> WORK REQUEST
Repeat the data verbatim, images excluded.

> INFORMATION SHOWN
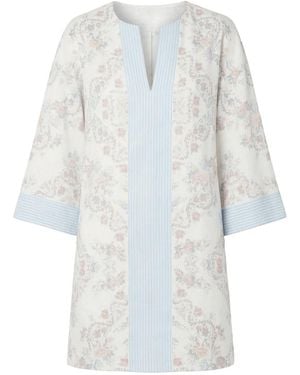 BCBGMAXAZRIA Contrast Trim Floral Print Tunic Dress - White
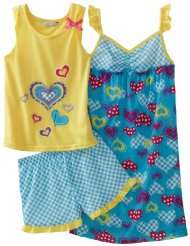 Komar Kids Girls 7 16 Jersey 3 Piece Hearts Pyjama Set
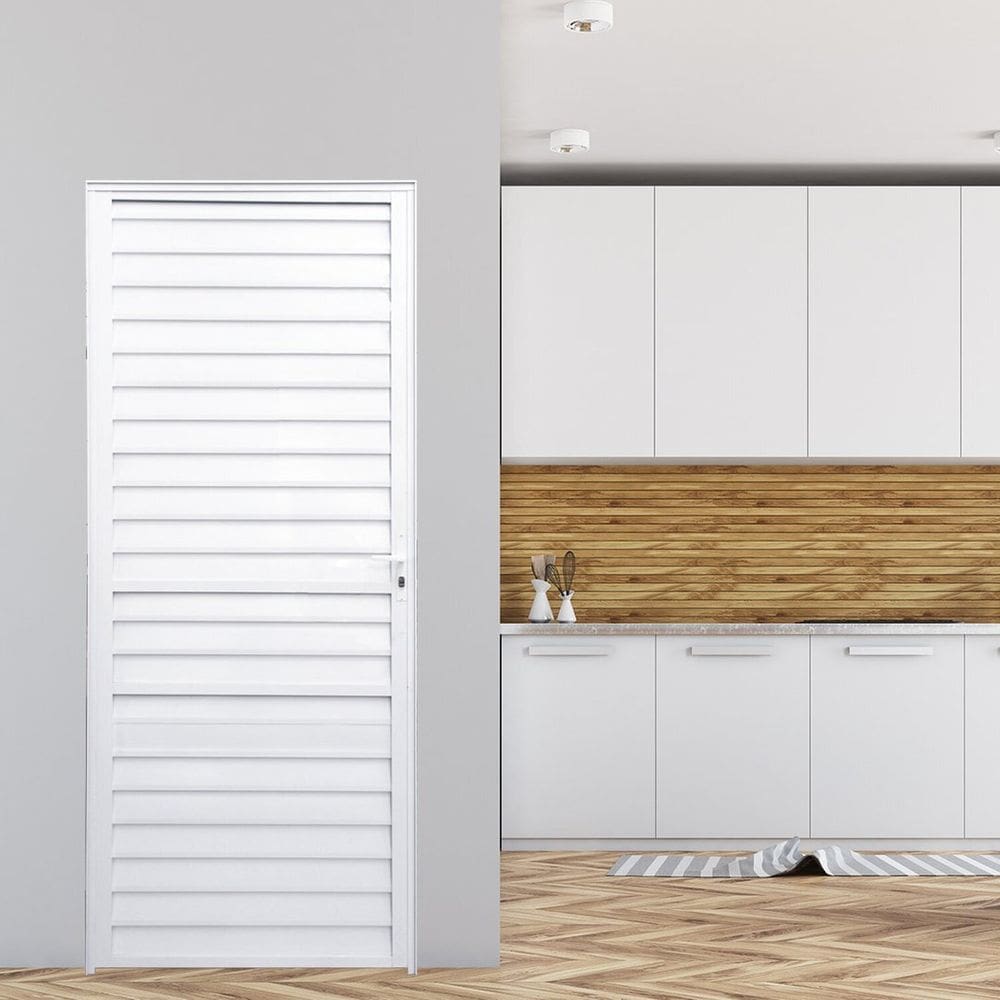Porta de Alumínio Palheta 210x86cm Fortline Atlântica Branco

> ANSWER BELOW
 BCBGMAXAZRIA Contrast Trim Floral Print Tunic Dress - White
 Komar Kids Girls 7 16 Jersey 3 Piece Hearts Pyjama Set
Porta de Alumínio Palheta 210x86cm Fortline Atlântica Branco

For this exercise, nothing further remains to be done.